From: Helma van der Linden <[EMAIL PROTECTED]>
Date: Tue, 10 Jan 2006 17:31:25 +0100
Guys,
I usually keep away from licensing issues, but this time I'd like to know
if it is done correctly. I'm looking at a project that is made up of
several other open source projects, cocoon is one of them, another
(sub)project is licensed under BSD.
This project is licensed under GPL. It doesn't say that only their part is
GPL and others are licensed differently. Looks like they included the
entire Cocoon source tree with licensing files for all external jars used
and they also left in the ASF license headers in the various files.
Is this correct?
Given that GNU [1] list the Apache licenses as "GPL-Incompatible, Free
Software Licenses", I've always interpreted that to mean that you can't link
to (i.e. make use of) Apache-licensed libraries (jars) in a project that
you're releasing under the GPL. They don't appear to have an equivalent
list for LGPL compatibility, unfortunately.
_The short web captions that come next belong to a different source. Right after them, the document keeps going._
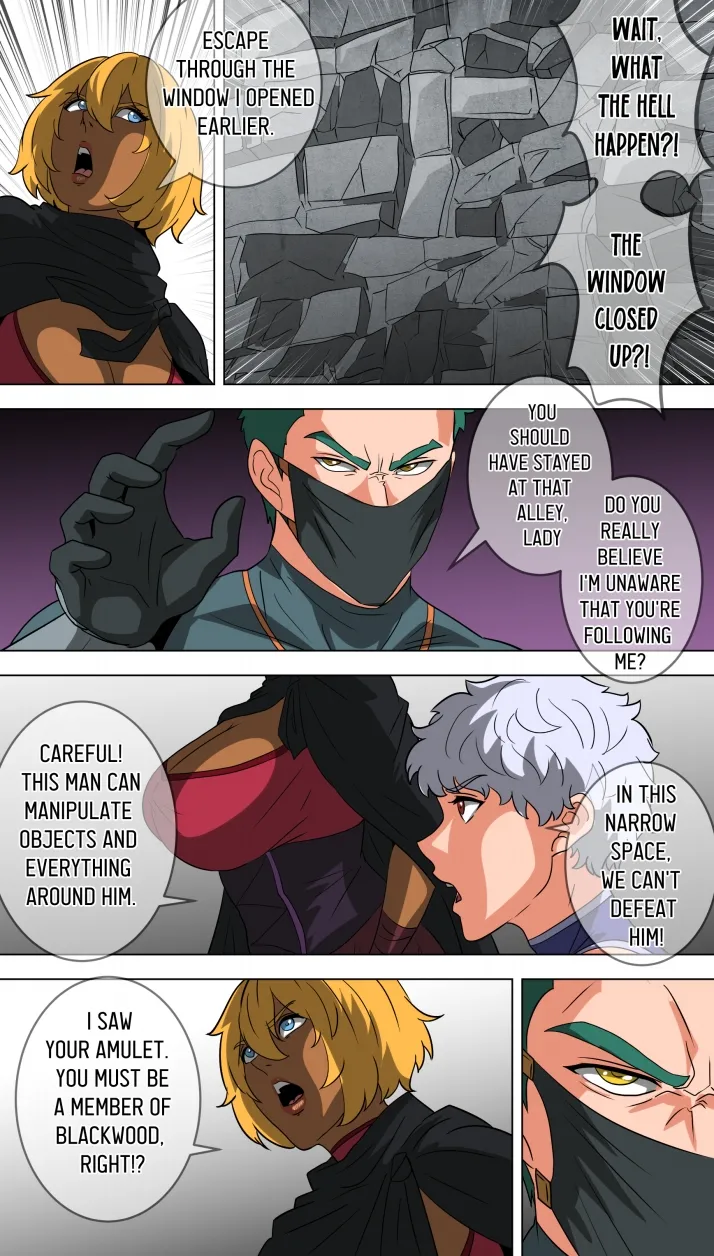 The Vessel part 1 Chapter 1 - page 10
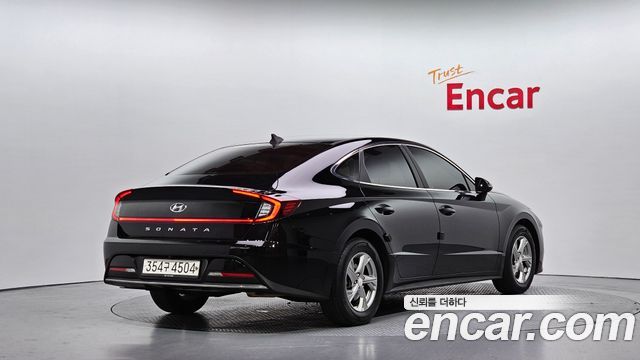 Hyundai Sonata DN8 2.0 LPG(rental car) Style - фото 1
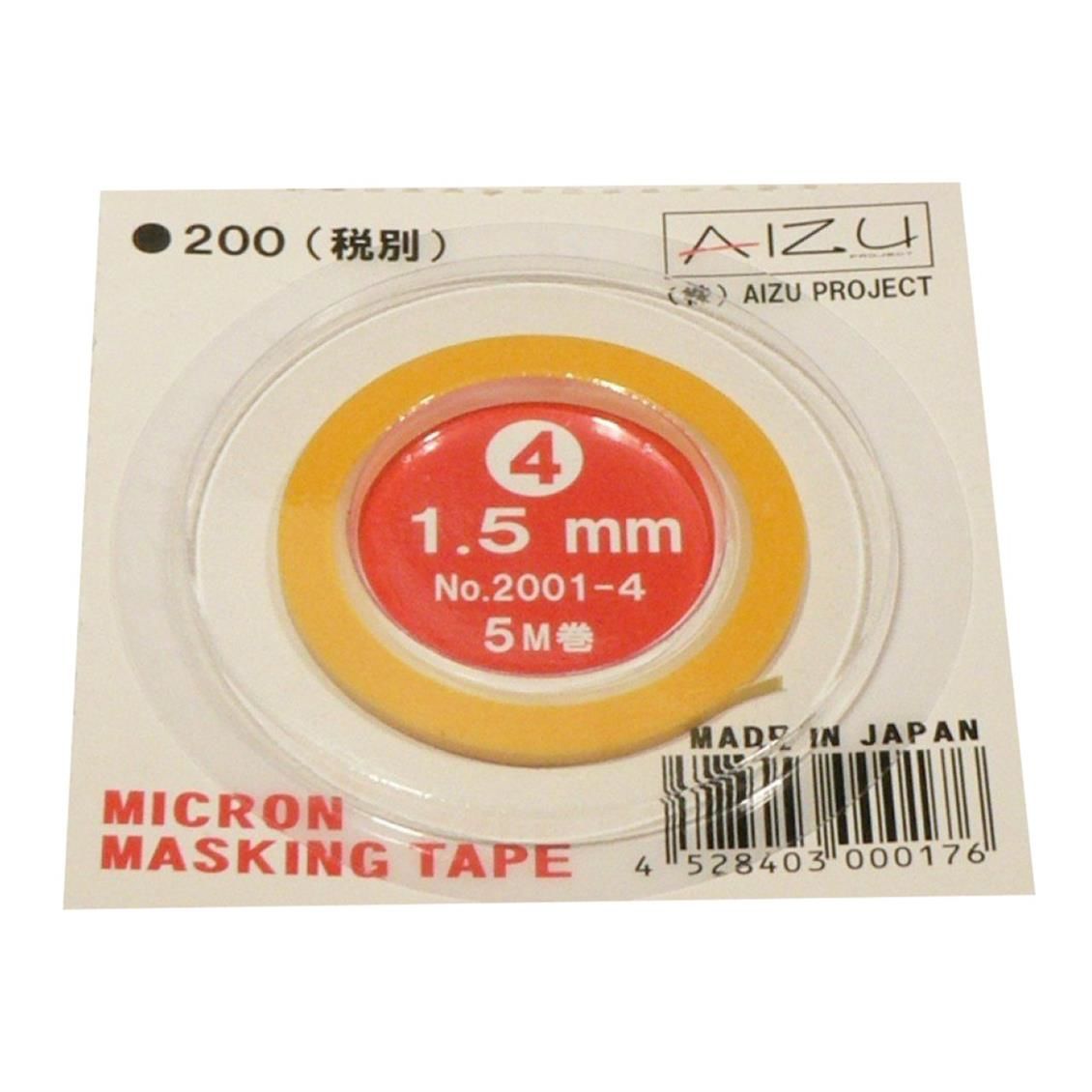 015 1.5mm İnce Maske Bantı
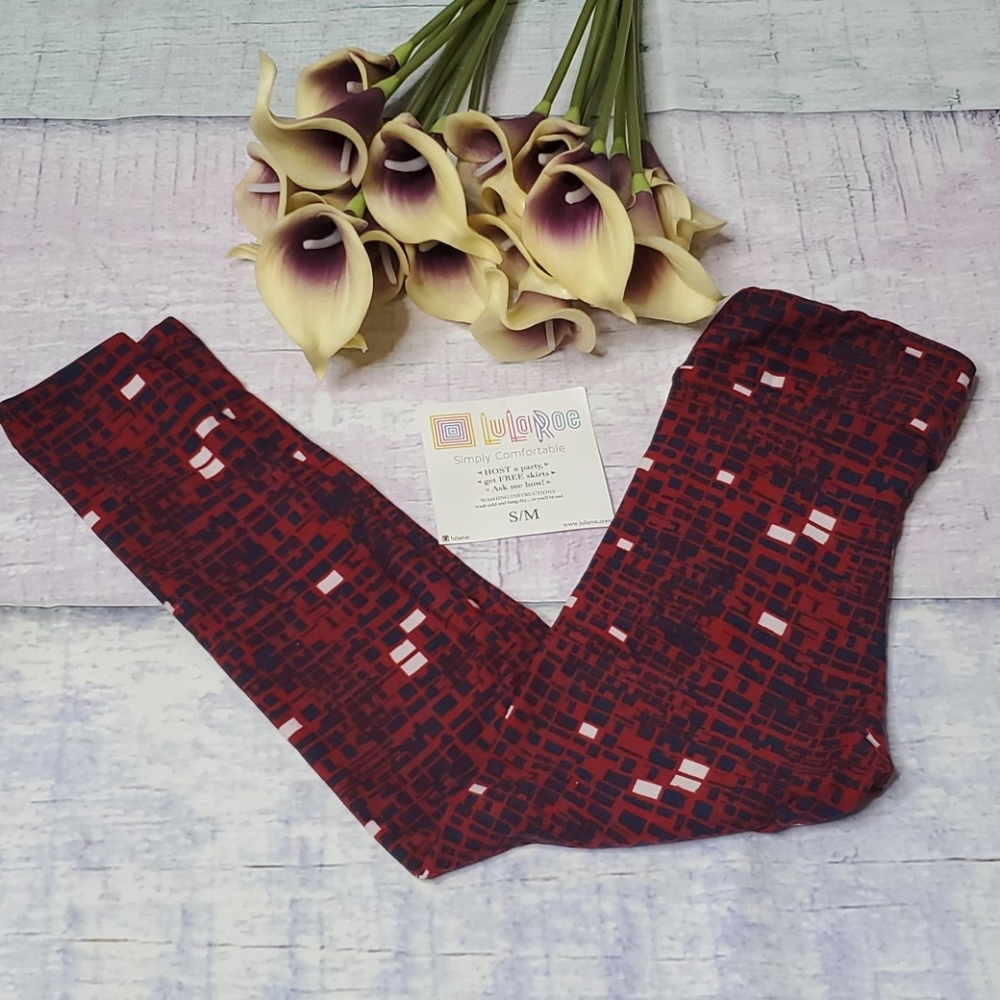 NWT LuLaRoe Kids S/M Leggings
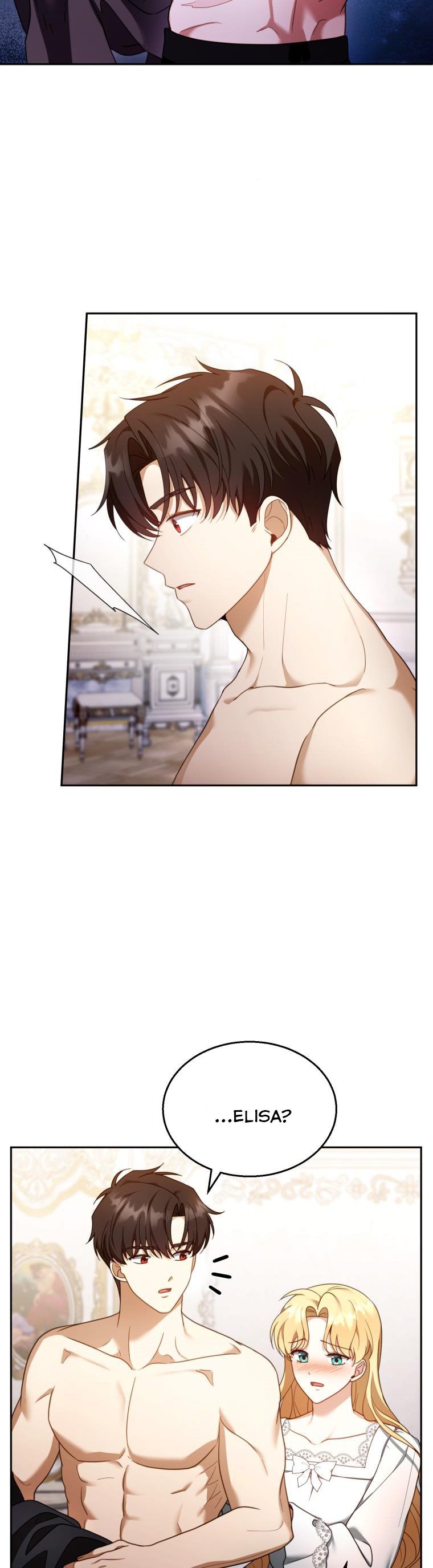 I Am Trying to Divorce My Villain Husband, but We Have a Child chapter 36 page 29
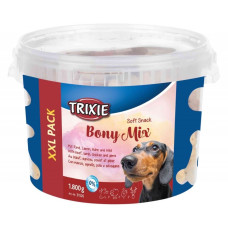 Trixie Soft Snack Bony Mix лакомство для собак ассорти вкусов, 1.8 кг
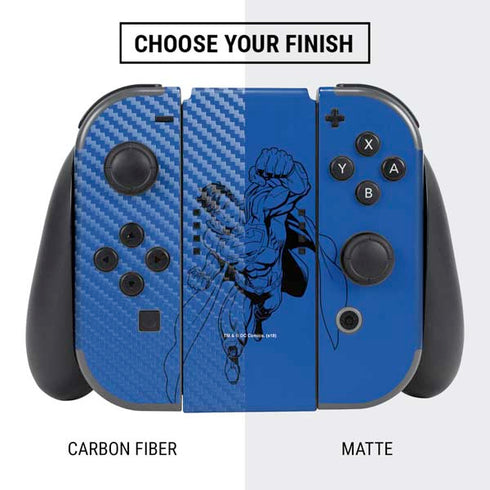 DC Comics Superman Comic Pop Nintendo Switch Bundle Skin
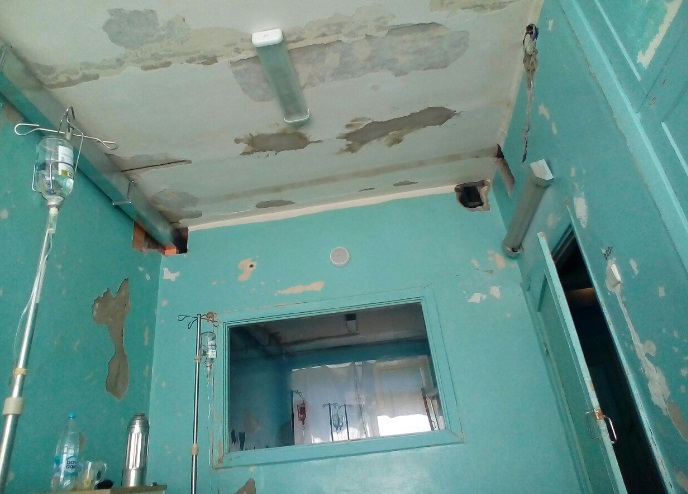 Больница из аннексированного Россией Симферополя привела в ужас соцсети – жуткие кадры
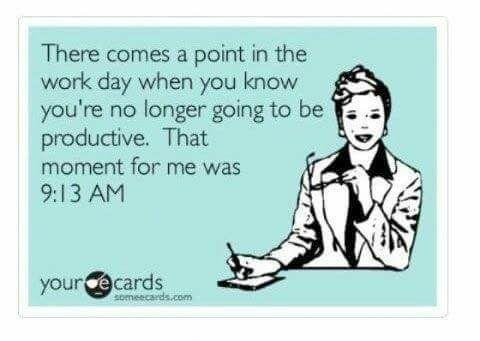 Thats going to be my day today !!!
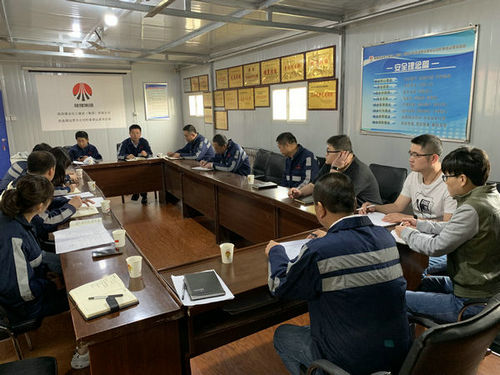 陜煤建設(shè)洗選煤運(yùn)營(yíng)公司:全員“搭臺(tái)唱戲”唱響“安全月”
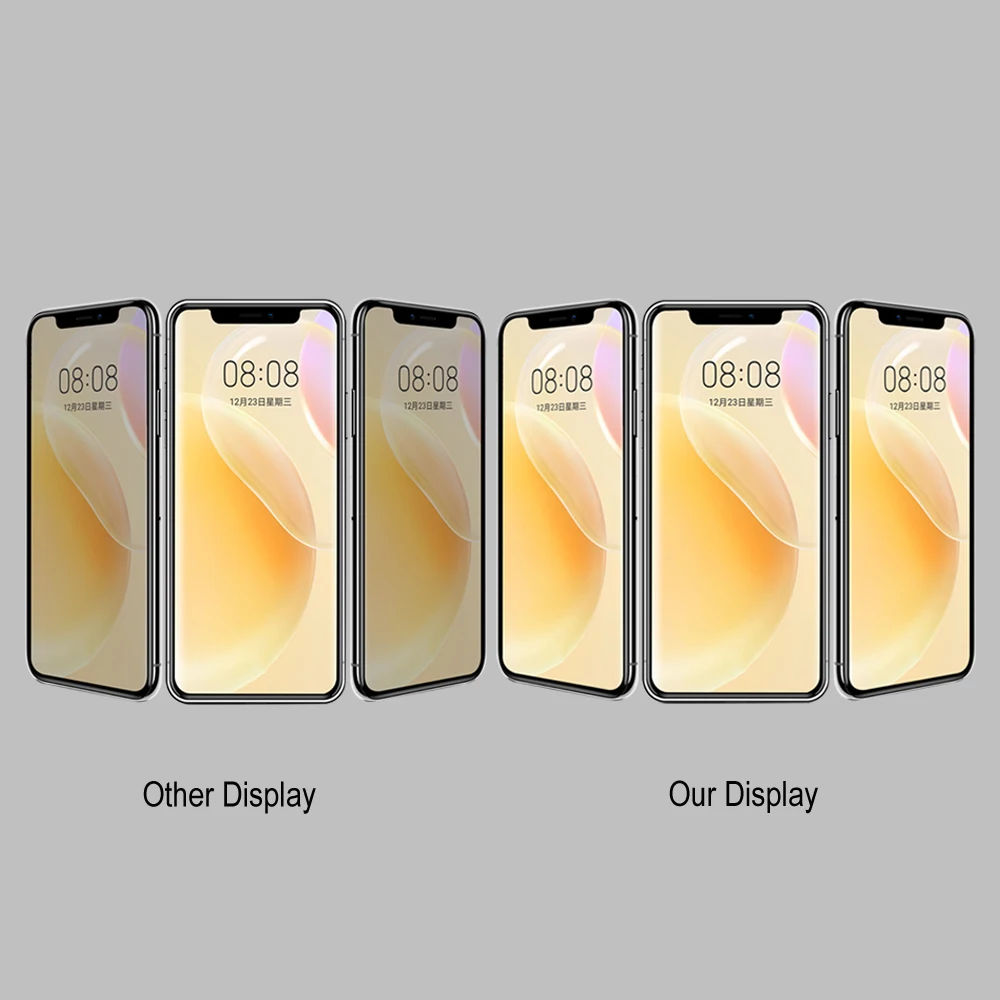 

iPhone X XS 11 Pro MAX - OLED 3D +
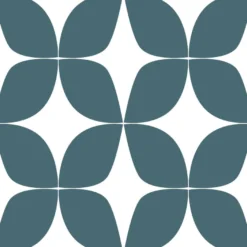 Tapetti Esta Scandi Cool 139100, graafinen/geometrinen, moderni, sininen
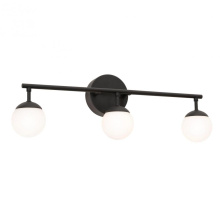 AFX Lighting, Inc. (Canada) PRLV2408L30D1BK - PEARL VANITY LED 15W 1500lm 120V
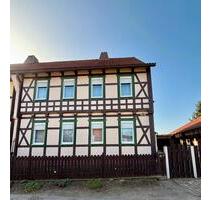 Schönes Fachwerkhaus mit viel Charme in Darlingerode - Ilsenburg (Harz)
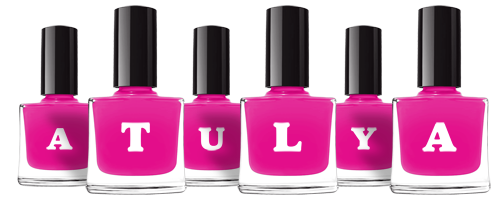 Atulya nails logo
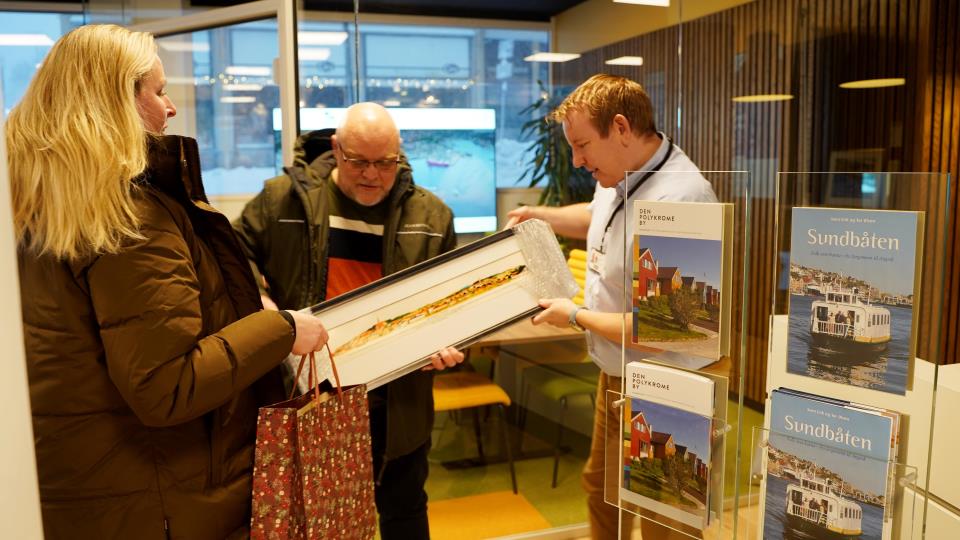 Lenke til artikkel: Oppmerksomhet til Sundbåtens mannskap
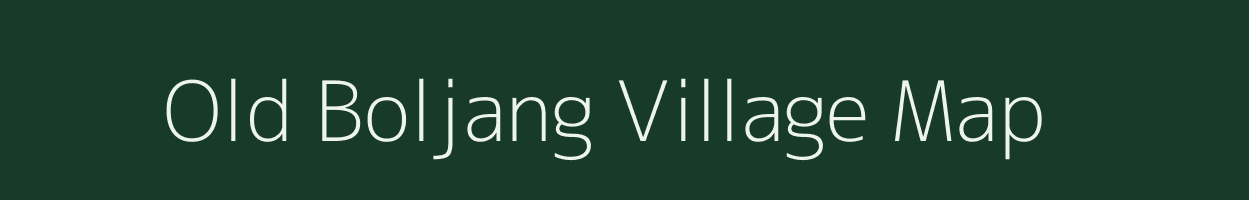 Old Boljang village map in Manipur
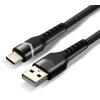 USB-A / USB-C RGB LED LAIDAS everActive CBB-1CBR 100cm 3A
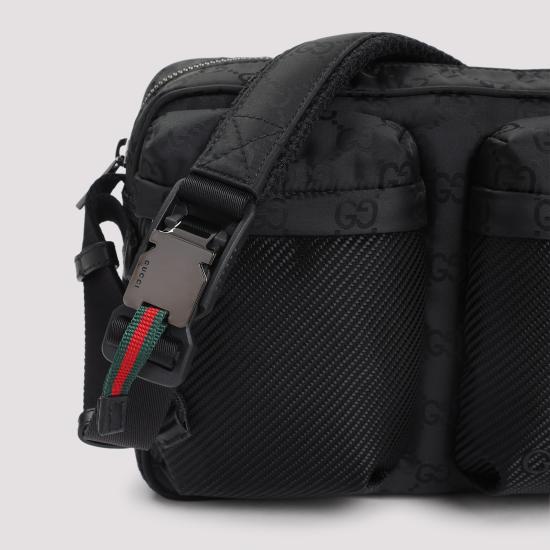 25FW 구찌 크로스백 834475FAD76 1047 BLACK - GUCCI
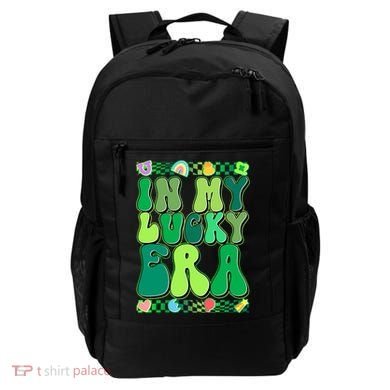 Retro St Patricks Day In My Lucky Era Backpack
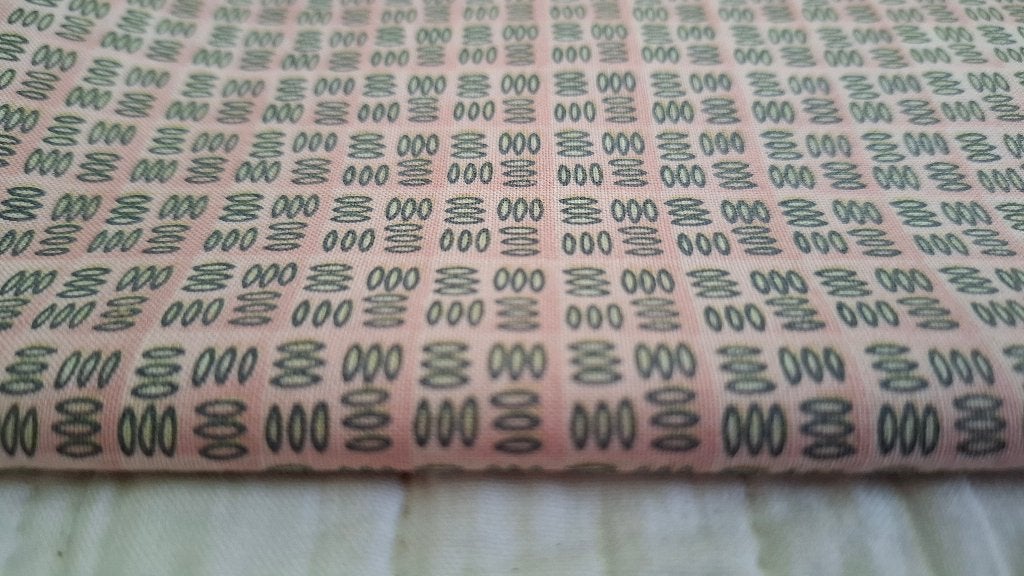 Heel mooie quiltstof, Hobby en Vrije tijd, Ophalen of Verzenden, Zo goed als nieuw, 30 tot 120 cm, Katoen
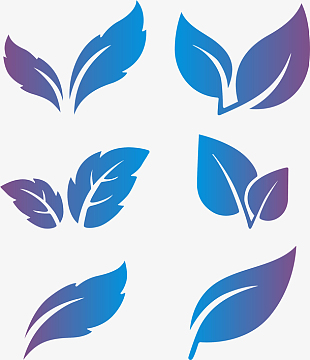 树叶叶子矢量素材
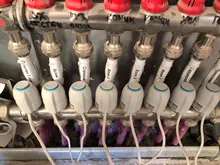 BOT306 Series Smart Gas Boiler Wireless WIFI Thermostat and 8 Sub-chamber Hub Controller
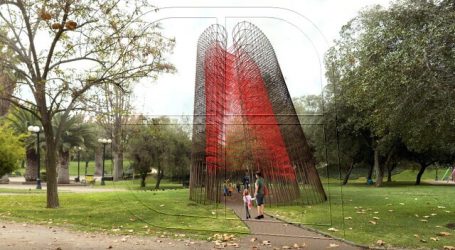 Obra se convertirá en el primer monumento en homenaje a las mujeres de Chile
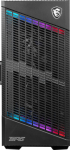 Кутия MSI MPG Velox 100P Airflow, Mid Tower, ATX, Micro ATX, Mini ITX, Type C, RGB бутон, Черен снимка 3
I do recall that previous discussions on this list have stated that
Apache-hosted projects aren't allowed to [L]GPL libraries in their CVS
repositories.
If I've got this all backwards, someone please let me know; I've a project
of my own [2] that I would have licensed under GPL if not for the fact that
I made use of libraries that were released under Apache and BSD licenses.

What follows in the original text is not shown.